Le 11 décembre 2019, la commission des lois a adopté avec d’importantes modifications la proposition de loi visant à lutter contre les contenus haineux sur internet transmise par l’Assemblée nationale.
La commission a reconnu le besoin de mieux responsabiliser les grandes plateformes afin qu’elles participent davantage qu’aujourd’hui à la lutte contre la propagation de certains "discours de haine" sur internet. Elle a donc approuvé le renforcement de leur régulation par de nouvelles obligations de moyens et de coopération en la matière, sous la supervision du Conseil supérieur de l’audiovisuel. Elle a également approuvé les mesures prévues par la proposition de loi destinées à favoriser une réponse judiciaire rapide et proportionnée ainsi qu’une meilleure prévention en milieu scolaire.
Selon Philippe Bas, président de la commission des lois, "si le législateur doit mener une lutte résolue contre le développement de contenus haineux sur internet, il doit prendre garde de ne pas remettre en cause une liberté démocratique fondamentale, la liberté d’expression, dont les restrictions doivent être proportionnées et appliquées sous le contrôle effectif de l’autorité judiciaire.

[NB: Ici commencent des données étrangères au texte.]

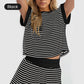 🔥Summer Hot Sale 50% Off🔥Crew Neck Striped Top & Elastic Waistband Shorts Set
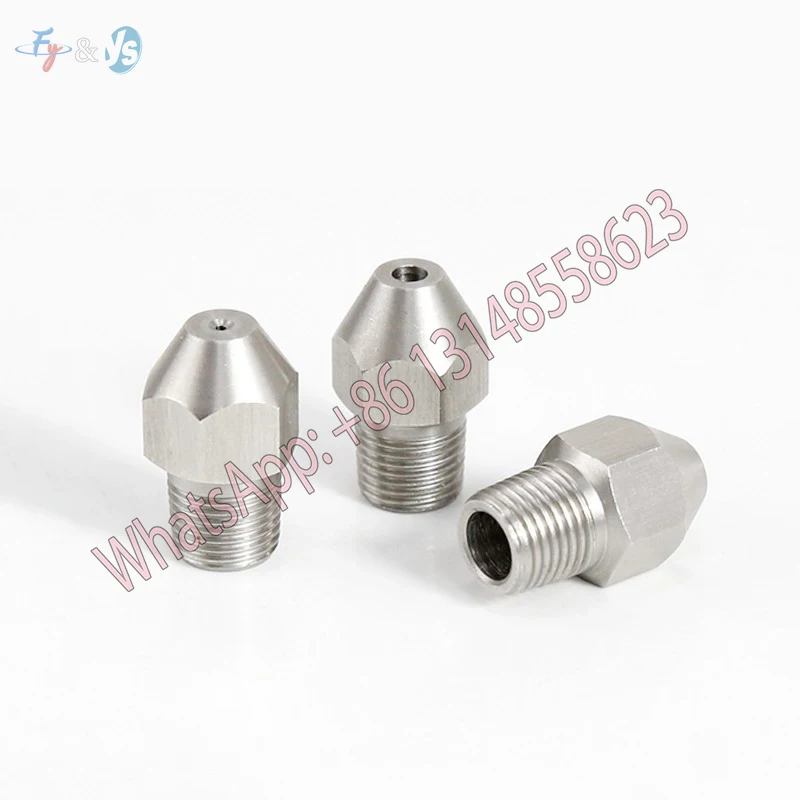 0 Degree Stainless Steel Linear Nozzle, Liquid Column Flow Tip High Pressure Cleaning Cutting Cone Nozzle 1/8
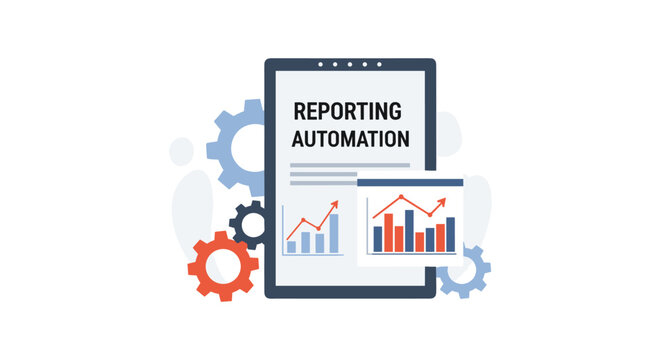 Modern digital tablet displaying automated business reporting and data analysis, with gears symbolizing efficient technological processes and data management.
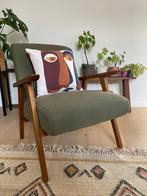 Vintage fauteuil met kakigroene bekleding, Enlèvement, Tissus, Utilisé, Scandinavisch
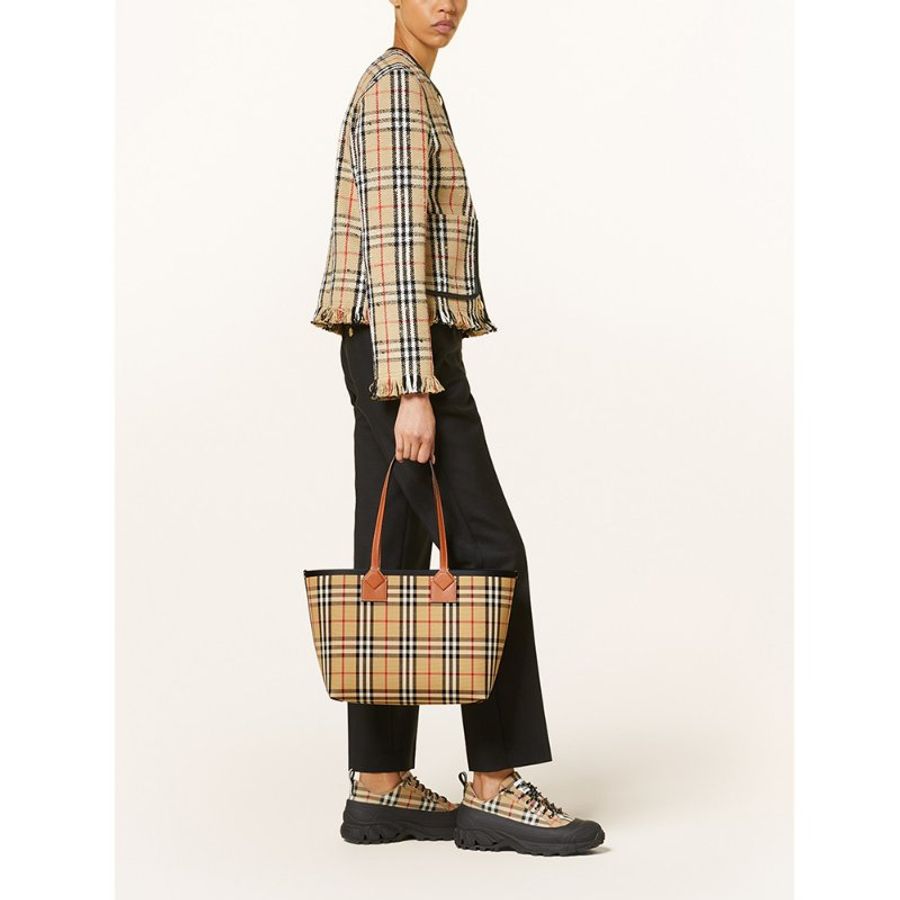 Burberry Small London Tote Bag for Women in Briar Brown/Black (8066163-Briar_Brown_Black)-6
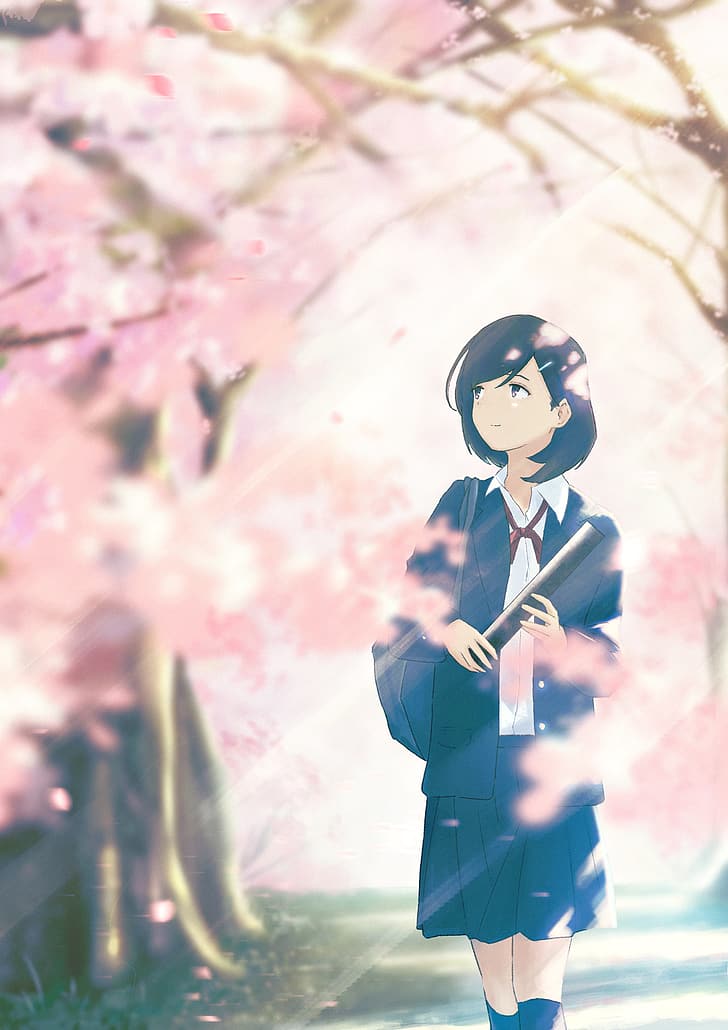 Oka Kojiro, illustration, anime girls, fleur de cerisier, levant les yeux, uniforme scolaire, cheveux courts, cheveux noirs, Fond d'écran HD, fond d'écran de téléphone
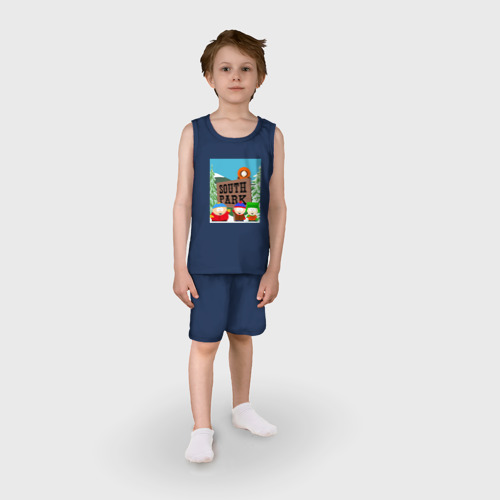 Детская пижама с шортами хлопок Южный парк главные герои, цвет темно-синий - фото 3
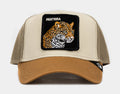 Exclusive Premium Pantera Trucker Mens Hat (Khaki/Yellow) — OS — Front View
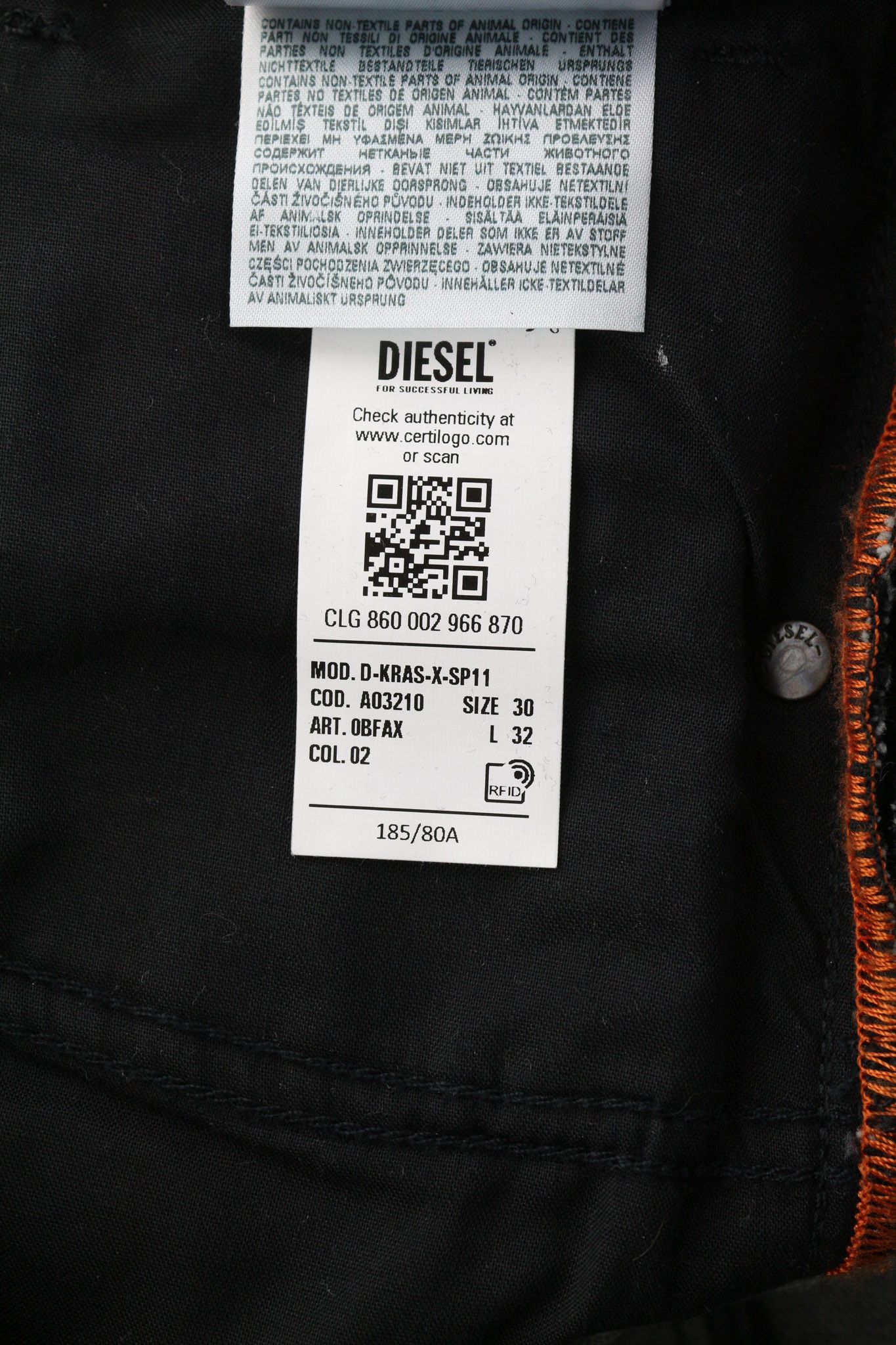 Diesel D-KRAS 0BFAX W30/L32 Black Slim Denim 40447 Size US 30 / EU 46 - 12 Thumbnail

Le texte adopté aujourd’hui par la commission témoigne de la recherche de cet équilibre toujours délicat".
En conséquence, la commission a adopté 45 amendements afin notamment :
– de supprimer le nouveau délit de "non-retrait" de contenu haineux. Selon Christophe-André Frassa, rapporteur, "malgré une intention qui ne peut être que partagée, le volet pénal au cœur du dispositif reste inabouti et porteur de risques pratiques et juridiques : déséquilibré aux dépens de la liberté d’expression, il encouragera mécaniquement les plateformes à retirer - par excès de prudence - des contenus pourtant licites ; contraire au droit de l’Union européenne, il semble en l’état inapplicable aux professionnels du parquet eux-mêmes…" ;
– de clarifier la régulation administrative des grandes plateformes pour mieux tenir compte des exigences du droit européen (directive "e‑commerce"), en proportionnant les obligations à la charge des plateformes au risque d’atteinte à la dignité humaine et en écartant toute obligation générale de surveillance des réseaux.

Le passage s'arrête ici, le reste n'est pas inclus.